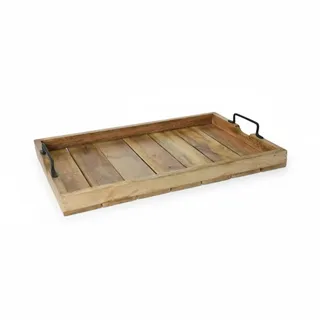 Meinposten Tablett Dekotablett Holz Mango braun Holztablett Deko Kerzentablett Dekoration Serviertablett Mangoholz groß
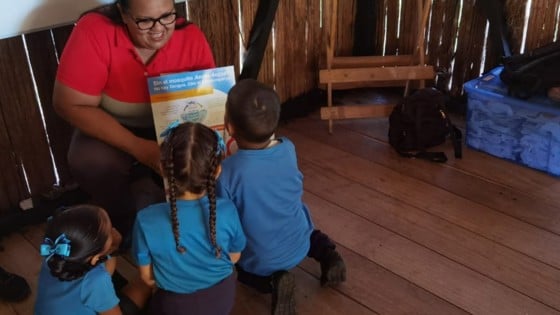 Elizabeth Gomez Bran is taking care of childen.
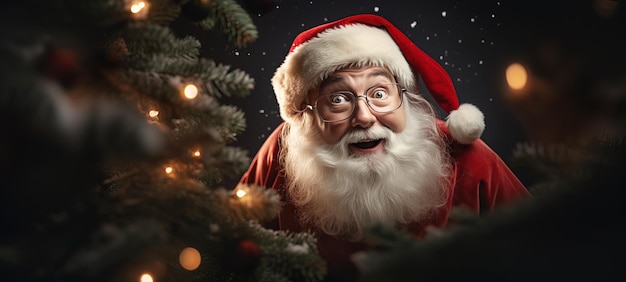 A funny Santa Claus with a look of surprise on his face and wideopen eyes near the Christmas tree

[What you are asked to do] Set the pictures aside and transcribe the data above exactly.

[Answer to this exercise]
 Meinposten Tablett Dekotablett Holz Mango braun Holztablett Deko Kerzentablett Dekoration Serviertablett Mangoholz groß
 Elizabeth Gomez Bran is taking care of childen.
 A funny Santa Claus with a look of surprise on his face and wideopen eyes near the Christmas tree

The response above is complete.